仲間になる理由の無いNPCを仲間にするためにPCたちが説得しはじめるのは、台本のないTRPGにおいてあるあるのシーンですが、シンプルに考えてその説得のシーンは必要なのでしょうか。
NPCに協力する理由がなく、どんなに説得しても仲間になってくれないことが分かったPLたちは、時間の無駄だったと残念な気持ちになって終わりますが、シナリオの舞台設定としてNPCに協力する理由が予めしっかり設定されてあるのなら、説得のシーンは時間の無駄ではなく『仲間になって欲しいという選択を取った』シーンになり、そのシーンに意味が生まれます。この場合はダイスロールこそ不要であり、「実は◯◯という理由があって仲間にしてほしかったんだ」とNPCが仲間になってくれたほうが面白い展開だと思いませんか。登場するNPCにそれぞれ目的をちゃんと設定しておけば、仲間にはならなくともアドバイスをしてくれるNPCだったり、仲間のフリして最後に裏切ってくるNPCだったり、そのPLたちだったからこそ発生した卓独自の展開が発生すると思います。

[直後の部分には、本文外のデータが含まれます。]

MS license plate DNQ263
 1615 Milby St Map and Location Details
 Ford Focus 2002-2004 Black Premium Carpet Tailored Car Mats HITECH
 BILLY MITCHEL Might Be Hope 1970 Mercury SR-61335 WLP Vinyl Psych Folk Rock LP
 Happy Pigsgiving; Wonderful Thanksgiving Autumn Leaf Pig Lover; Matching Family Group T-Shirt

倒した敵幹部にまで「仲間になろう!」と説得するようなPCだった場合も、実は説得に必要な材料が揃っていれば仲間にできちゃうルートがある方が面白いですよね。
リアリティ要素にこだわり過ぎて不要なシーンを作ってしまっていないかシナリオを見直してみて下さい。
NPCにも人生があり、PCたちの知らない目的があって、その目的がストーリーに関わってくる方がストーリーに深みを追加できますので、仲間になって欲しいというシーンでダイスロールに一喜一憂する楽しみではなく、PCたちに簡単に協力しておいて、後に「実はこんな理由があって君たちに協力しようと思ったんだ」とNPCが目的を話してくるシーンの方が楽しいシーンだと思いませんか。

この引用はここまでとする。